Anybody who uses computers regularly especially in the classroom will be surprised that Mr Lloyd didn’t include a third category Wired And Tired Guy. He’s the one with incipient Repetitive Strain Injury and the permanent headache induced by too many hours hunched over a flickering VDU. His programs have a propensity to crash; his hard disc not to spin. If he does venture on to the digital superhighway, he joins the stretch festooned with the electronic equivalent of cones and spilt loads.
Most staffrooms, I suspect, can also boast a Wired And Retired Guy. Of course he is not officially retired indeed, he often draws one of the school’s biggest salary cheques. But so absorbed is he in the niceties of desktop publishing or the intricacies of the latest timetabling package, that he no longer finds time to do any of the things outlined in his lengthy job description.

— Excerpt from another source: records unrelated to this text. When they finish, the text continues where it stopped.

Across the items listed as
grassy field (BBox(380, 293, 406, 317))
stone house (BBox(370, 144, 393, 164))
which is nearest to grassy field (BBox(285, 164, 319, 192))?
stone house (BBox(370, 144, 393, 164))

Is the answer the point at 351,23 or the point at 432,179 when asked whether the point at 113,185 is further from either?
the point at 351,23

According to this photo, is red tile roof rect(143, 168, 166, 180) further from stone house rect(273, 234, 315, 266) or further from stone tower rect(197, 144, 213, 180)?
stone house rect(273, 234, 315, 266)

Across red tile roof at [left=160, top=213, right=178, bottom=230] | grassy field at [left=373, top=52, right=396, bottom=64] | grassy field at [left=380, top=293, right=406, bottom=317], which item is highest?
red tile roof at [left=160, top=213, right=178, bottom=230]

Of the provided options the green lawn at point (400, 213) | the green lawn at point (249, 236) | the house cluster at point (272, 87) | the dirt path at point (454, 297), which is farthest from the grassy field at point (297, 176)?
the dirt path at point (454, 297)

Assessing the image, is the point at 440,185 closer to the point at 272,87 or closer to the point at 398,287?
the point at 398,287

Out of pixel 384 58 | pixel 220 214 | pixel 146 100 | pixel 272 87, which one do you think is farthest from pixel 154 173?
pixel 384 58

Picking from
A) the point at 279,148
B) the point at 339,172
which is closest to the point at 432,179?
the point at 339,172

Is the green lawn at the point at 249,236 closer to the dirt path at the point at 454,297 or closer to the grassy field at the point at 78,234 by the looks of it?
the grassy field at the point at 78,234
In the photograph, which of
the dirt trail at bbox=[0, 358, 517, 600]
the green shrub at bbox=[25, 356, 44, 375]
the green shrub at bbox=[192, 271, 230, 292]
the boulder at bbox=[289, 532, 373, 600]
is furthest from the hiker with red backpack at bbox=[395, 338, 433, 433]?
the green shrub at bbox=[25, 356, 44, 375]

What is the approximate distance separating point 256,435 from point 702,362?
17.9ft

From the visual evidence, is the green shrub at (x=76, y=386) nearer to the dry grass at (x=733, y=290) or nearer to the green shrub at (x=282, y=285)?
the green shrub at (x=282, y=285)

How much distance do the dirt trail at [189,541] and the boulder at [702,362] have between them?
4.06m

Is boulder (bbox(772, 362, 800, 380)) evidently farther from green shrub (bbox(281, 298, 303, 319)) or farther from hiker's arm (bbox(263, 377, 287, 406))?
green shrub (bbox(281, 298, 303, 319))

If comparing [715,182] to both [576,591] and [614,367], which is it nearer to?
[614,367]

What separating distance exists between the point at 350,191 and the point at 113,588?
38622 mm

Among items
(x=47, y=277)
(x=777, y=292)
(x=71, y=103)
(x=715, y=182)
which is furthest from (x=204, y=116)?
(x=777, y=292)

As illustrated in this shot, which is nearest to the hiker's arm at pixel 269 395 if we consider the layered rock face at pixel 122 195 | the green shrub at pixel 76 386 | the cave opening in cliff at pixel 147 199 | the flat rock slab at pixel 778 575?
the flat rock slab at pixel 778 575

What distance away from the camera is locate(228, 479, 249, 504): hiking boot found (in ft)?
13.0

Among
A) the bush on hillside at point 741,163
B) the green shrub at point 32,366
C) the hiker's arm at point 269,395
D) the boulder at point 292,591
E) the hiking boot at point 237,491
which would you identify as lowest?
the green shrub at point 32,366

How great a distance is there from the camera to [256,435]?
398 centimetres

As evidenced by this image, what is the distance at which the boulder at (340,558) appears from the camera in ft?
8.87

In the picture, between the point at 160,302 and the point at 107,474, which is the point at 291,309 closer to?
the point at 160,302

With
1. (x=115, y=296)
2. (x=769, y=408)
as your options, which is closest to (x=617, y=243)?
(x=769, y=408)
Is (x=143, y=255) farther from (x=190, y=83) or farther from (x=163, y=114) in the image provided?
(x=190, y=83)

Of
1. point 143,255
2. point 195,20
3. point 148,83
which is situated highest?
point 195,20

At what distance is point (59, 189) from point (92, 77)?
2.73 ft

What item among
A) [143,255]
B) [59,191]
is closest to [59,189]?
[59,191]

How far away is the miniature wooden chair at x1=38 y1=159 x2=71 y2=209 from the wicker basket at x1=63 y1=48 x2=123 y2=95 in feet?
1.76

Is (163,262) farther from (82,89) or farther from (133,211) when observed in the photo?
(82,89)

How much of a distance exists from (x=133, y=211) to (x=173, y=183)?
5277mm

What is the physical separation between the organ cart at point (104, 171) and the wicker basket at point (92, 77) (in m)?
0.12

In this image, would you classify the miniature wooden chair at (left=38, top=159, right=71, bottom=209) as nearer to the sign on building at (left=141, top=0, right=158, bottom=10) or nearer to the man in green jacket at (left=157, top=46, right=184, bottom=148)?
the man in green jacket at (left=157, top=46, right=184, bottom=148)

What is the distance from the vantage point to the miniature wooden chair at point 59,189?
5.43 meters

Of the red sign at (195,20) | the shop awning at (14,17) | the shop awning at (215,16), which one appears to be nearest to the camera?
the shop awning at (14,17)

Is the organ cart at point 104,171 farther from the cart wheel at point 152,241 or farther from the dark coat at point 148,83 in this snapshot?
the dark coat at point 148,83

Most teachers would also recognise Wired And Wanna-Be-Admired Guy. Wherever two or three are gathered together, he’s the one who ostentatiously brandishes his laptop to ensure everyone knows what a cyberdude he is. Of course he doesn’t impress anyone with the possible exception of wideeyed Wired And Inspired Guy.
This guy is so entranced by the hype surrounding The Information Revolution that, like a child on Christmas Eve, he yearns for the Utopian tomorrow when the Internet will unite us as one contented global family. Then all manner of things shall be well, nation shall speak peace unto nation, lambs will lie down with lions and there’ll be honey still for tea. He is, however, perpetually puzzled that his colleagues aren’t always as ecstatic as he is when he tells them about a future in which their every need, from selecting the week’s groceries to finding a mate, will be met by a click of the mouse. He can’t understand that, for them, despite their ritualistic grumbling about having to come to work, actually meeting real people is preferable to messing around with a computer however many megabytes it may have.

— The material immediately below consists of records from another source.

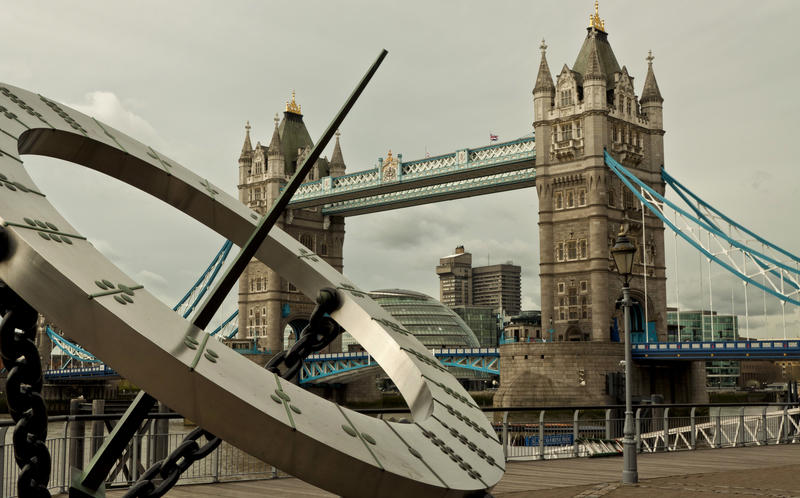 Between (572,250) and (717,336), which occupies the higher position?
(572,250)

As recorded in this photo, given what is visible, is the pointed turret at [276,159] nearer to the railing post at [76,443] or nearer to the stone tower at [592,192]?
the stone tower at [592,192]

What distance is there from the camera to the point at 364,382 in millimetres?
54812

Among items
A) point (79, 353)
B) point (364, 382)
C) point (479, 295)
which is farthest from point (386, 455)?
point (479, 295)

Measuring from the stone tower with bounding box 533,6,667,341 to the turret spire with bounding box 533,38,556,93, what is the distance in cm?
5

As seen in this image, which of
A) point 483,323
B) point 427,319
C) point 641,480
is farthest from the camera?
point 483,323

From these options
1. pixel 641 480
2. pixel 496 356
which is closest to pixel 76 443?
pixel 641 480

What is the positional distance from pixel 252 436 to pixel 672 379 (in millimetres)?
38885

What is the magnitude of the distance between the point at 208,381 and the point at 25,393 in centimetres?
71

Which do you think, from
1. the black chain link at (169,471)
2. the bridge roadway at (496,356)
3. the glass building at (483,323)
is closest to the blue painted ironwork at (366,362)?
the bridge roadway at (496,356)

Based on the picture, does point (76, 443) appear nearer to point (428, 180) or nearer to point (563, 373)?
point (563, 373)

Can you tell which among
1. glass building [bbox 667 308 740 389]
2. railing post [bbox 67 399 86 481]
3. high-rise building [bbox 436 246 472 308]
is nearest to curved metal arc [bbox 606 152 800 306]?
railing post [bbox 67 399 86 481]

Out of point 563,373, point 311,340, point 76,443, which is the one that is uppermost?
point 311,340

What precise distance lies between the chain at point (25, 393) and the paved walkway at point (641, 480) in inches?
183

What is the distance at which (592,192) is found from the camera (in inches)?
1489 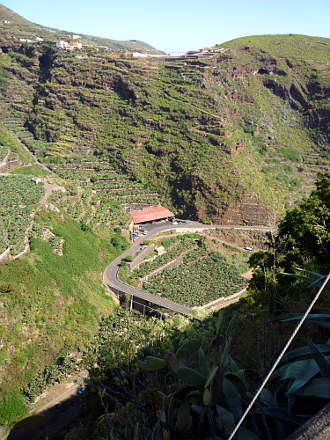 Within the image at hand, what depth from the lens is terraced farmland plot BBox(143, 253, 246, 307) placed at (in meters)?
27.2

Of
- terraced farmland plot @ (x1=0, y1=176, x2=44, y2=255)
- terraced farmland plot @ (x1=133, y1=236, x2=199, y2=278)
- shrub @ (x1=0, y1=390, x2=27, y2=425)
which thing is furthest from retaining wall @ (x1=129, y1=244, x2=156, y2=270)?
shrub @ (x1=0, y1=390, x2=27, y2=425)

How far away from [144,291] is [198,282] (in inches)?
186

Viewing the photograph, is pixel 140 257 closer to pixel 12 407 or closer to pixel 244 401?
pixel 12 407

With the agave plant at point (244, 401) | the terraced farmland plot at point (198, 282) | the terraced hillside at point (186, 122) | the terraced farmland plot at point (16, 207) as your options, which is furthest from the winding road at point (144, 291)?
the agave plant at point (244, 401)

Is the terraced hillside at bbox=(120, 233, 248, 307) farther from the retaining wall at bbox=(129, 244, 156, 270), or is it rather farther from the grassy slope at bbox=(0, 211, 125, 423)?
the grassy slope at bbox=(0, 211, 125, 423)

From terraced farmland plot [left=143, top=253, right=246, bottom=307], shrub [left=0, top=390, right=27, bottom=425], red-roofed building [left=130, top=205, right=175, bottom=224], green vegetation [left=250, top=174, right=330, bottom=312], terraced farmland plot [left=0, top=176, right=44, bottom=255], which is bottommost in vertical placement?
shrub [left=0, top=390, right=27, bottom=425]

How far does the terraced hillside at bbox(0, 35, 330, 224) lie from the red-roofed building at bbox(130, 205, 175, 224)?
5.32 feet

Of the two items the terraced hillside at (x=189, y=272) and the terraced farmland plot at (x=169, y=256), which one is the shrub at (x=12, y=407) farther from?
the terraced farmland plot at (x=169, y=256)

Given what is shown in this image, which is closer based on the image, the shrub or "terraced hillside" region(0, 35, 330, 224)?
the shrub

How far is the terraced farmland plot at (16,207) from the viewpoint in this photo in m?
23.8

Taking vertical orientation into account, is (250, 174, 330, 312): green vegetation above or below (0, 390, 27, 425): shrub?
above

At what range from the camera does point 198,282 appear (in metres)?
29.5

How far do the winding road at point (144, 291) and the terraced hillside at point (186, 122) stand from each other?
140cm

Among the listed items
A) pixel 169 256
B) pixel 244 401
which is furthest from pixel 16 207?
pixel 244 401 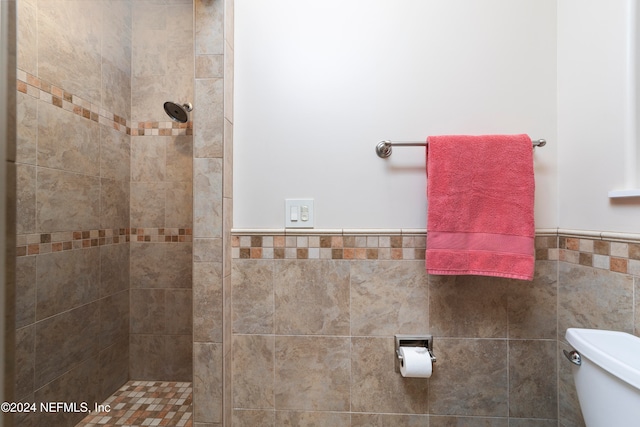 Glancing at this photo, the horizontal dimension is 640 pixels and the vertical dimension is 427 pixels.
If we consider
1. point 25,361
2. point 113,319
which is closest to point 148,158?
point 113,319

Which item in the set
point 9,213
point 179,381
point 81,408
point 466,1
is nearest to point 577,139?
point 466,1

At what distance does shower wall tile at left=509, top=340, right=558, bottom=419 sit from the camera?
38.7 inches

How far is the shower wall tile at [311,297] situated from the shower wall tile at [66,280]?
99 centimetres

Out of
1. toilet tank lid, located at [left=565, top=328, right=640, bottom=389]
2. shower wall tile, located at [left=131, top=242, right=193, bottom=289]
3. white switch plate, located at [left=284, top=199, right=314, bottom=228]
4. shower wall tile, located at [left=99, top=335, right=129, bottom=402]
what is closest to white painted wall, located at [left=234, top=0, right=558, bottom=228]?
white switch plate, located at [left=284, top=199, right=314, bottom=228]

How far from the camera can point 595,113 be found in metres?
0.88

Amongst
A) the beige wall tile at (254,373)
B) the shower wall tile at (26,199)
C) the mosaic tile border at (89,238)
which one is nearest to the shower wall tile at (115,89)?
the shower wall tile at (26,199)

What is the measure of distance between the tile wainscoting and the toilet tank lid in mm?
234

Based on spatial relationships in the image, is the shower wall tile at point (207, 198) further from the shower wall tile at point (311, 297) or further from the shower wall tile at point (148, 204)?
the shower wall tile at point (148, 204)

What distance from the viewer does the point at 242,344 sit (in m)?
1.03

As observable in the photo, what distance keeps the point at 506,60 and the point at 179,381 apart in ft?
7.33

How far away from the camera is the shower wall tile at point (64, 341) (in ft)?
3.61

He knows, however, that his colleagues had better make the most of it while they can. Computers, quite simply, cost jobs. In every walk of life from banking to brain surgery, they can not only do the work but do it better than us guys. There is no reason to believe that teaching is going to be an exception. Distance learning, via a computer, seems such a civilised alternative to a crowded classroom. A sophisticated program that can analyse an individual’s performance and use the data to structure the next assignment seems so much more sensible than the best efforts of an over-worked teacher with a diminishing pile of tattered text books. At colleges of further education, according to the recent TES survey “lecturing jobs are being cut as spending is switched to computers”. It can’t be long before schools follow their lead. And there can only be one thing worse than being a Tired, Wired, Retired, Wanna-be-Admired, or Inspired guy being a Fired Guy.